His strange smile doesn’t leave his face.

“We both dared to see further,” he says. “We both believed in a cause greater than life, greater than the selfish egos of all mortal beings. For we who bare the title of traitor, history shall call us visionaries.”

She spits. “I don’t care what history calls me.”

“Really? Because they shall call you nothing if you cannot best the dog.”

She tenses up, trying to see what is behind this façade of conversation. No use, as usual. She sees nothing in him.

“I will kill him,” she says.

“Are you certain of that?”

“He only beat me before because he had his friends, and his inane little tricks,” she replies, recalling with horror the heat of the dog’s fire when it gnawed through her flesh. “I can kill him. I will kill him. I have to.”

“For Lady Gyko or for your Sisters?” he asks with a knowing stare. Almost like he was challenging her. But she looks passed him. She doesn’t care. He is a tool – that was all he ever was. Once vengeance is hers, she’ll gut him, too.

“They wanted me weak,” she says, surprising herself with the calmness of her admission. “Lady Gyko knows me better. She knows I’m strong. Stronger than all of them. And when I’ve burned that place to the ground, and stuck a stake through that bastard dog’s heart, I’ll know that I did what I was born to do. The historians can write whatever they like. They can call me an Elf. They can call me a Glenmaiden. They can call me the Great Betrayer of Glenheim if it pleases them. I’ll die knowing who I was.”

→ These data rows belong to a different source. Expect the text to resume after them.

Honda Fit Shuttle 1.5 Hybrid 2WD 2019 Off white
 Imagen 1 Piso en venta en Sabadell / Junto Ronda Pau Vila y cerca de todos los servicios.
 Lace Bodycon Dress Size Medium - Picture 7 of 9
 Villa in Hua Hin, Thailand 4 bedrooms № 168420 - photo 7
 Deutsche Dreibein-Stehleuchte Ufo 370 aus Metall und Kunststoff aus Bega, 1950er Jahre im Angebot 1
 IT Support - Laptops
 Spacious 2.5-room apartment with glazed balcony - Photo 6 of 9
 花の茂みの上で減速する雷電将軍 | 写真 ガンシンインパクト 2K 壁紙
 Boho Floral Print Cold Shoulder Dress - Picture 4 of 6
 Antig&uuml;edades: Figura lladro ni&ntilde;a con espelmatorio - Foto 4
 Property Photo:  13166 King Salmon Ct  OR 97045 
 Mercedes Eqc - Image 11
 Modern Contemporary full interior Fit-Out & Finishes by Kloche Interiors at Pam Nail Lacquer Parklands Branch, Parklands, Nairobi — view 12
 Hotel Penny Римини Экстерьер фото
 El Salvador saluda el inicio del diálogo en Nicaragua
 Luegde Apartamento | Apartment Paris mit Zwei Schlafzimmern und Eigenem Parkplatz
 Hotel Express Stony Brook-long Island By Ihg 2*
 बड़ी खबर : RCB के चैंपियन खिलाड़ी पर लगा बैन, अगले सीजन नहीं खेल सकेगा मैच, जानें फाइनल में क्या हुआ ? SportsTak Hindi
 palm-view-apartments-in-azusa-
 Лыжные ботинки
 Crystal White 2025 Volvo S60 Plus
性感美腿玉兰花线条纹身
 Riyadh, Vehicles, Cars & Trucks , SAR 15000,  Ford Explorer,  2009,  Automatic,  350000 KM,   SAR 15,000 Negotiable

She looks down at her gnarled claws and closes them sharply, expecting pain, feeling nothing, and remembering the bleeding face of the dog.

She turns to go again and almost doesn’t register Thorn’s hand grip her arm. Expecting combat she eyes him with fury, only to find he’s fixing her with an expression so serious, so somber, that she finds her claws simply can’t function.

He drops two small acorns into her hand and she watches as the crackling green lightning of Lady Gyko's power flicker across their surface.

“A little something to sweeten your vengeance," Thorn says. "Not that you need the help. They shall remember you as you are, not as you once were, Seneca. Of that, you have my word.”

She breaks his hold but doesn’t move away. Instead, she stands beside him, looking with him into the forest beyond as the sun began to die in the trees, sinking beneath the mushroom spire of her former home.

“We are on the eve of a new dawn,” Thorn continues. “Tomorrow, we proceed with our initial bombardment. Then, well, the rest is up to your dear old Mistress Palka.”

He marches on, ever moving forwards, giving commands to all his little troops as he goes. Most of them are former humans whom he now holds complete dominion over.

She stretches out her lithe, twisted arm, and spreads the new talons of her claws over the tip of her old home.

Usually, she dreamed of fire. She dreamed of how they’d cry out in pain when she returned home. She dreamed of their faces as they burned, engulfed by the terror of their own ignorance. But recently, she’d had new dreams. Dreams of different pairs of eyes looking upon her with scorn. Myrathellon’s….and the dog’s.

Eyes she would close shut forever.

“Sleep well, Lightborn,” she whispers as her claw closes over the spire. “I’m coming for you.”